Stress, I wrote, can be caused by a positive change, such as a new job.


Stress mounts when the demands exceed personal resources.


Increased complexity is stimulating to a point, but if you surpass that point, it can result in overload.


Know your optimal level of stress and your capacity for stress.


The demands of the new job exceeded my available personal resources. Trying to learn so many things with no previous related experience to draw from brought the level of complexity of my learning experience to brain overload.

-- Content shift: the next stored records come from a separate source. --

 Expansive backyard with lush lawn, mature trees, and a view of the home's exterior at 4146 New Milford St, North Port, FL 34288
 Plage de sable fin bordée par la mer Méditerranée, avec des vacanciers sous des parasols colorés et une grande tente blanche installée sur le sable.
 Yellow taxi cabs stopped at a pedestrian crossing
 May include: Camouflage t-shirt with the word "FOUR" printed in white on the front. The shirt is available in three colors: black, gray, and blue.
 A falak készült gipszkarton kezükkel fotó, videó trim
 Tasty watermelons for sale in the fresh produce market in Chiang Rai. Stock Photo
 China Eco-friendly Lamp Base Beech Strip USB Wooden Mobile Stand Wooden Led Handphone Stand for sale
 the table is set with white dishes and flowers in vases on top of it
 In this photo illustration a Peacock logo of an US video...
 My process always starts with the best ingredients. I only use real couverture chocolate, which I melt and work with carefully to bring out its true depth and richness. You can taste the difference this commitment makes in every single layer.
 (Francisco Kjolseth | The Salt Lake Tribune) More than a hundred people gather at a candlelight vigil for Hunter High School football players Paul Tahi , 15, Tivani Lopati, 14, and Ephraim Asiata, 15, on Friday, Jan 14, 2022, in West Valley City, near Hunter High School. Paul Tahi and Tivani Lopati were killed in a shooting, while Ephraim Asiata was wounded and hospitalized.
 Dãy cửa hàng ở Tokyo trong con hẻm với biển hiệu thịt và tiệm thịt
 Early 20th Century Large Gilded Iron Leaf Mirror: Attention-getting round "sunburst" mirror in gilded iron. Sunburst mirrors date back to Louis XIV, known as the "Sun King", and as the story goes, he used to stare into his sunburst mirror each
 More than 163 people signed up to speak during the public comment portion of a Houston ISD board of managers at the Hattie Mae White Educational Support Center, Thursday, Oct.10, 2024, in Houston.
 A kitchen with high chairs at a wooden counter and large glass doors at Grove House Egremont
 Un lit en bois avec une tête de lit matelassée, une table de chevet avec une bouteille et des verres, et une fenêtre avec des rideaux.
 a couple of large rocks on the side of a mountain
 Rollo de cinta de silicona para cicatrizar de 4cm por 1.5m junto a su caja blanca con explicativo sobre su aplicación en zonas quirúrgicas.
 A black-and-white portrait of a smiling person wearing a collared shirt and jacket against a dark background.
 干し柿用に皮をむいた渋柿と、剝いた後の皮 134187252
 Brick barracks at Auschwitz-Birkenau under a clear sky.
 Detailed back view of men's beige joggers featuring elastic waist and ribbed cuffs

The metaphor that I use to describe this is that I was building a new structure while at the same time establishing its foundation.


The issue was not so much that I couldn't learn or do the job. As my trainers would attest, I was learning and I could do the tasks required of a ramp agent.


The issue was that I knew that I it wasn't ultimately good for me to push through my physical and mental stress capacity. This would drain my resources and possibly lead to unforeseen consequences, such as health issues or work-related injuries or accidents.


So, with a heavy heart, striped with the dynamic primary colors of Southwest Airlines, I wrote my station manager that I would not be able to continue in the position.


I felt sadness, disappointment, shame, loss, you name it. But I also felt something else.


Courage.


Admitting that I couldn't do something at this juncture in my life was listening to my inner wisdom. Making a hard decision that was best for me, and served my life's current priorities, took faith in myself.


Sometimes giving something up is not failure, it is courage.


It's funny, not funny, how courage and disappointment can come in the same bite. Maybe it's like salt in caramel ice cream, an unexpected combination that works when applied to real life.


Because real life takes humility and courage. If nothing else, the Covid-19 pandemic taught us that.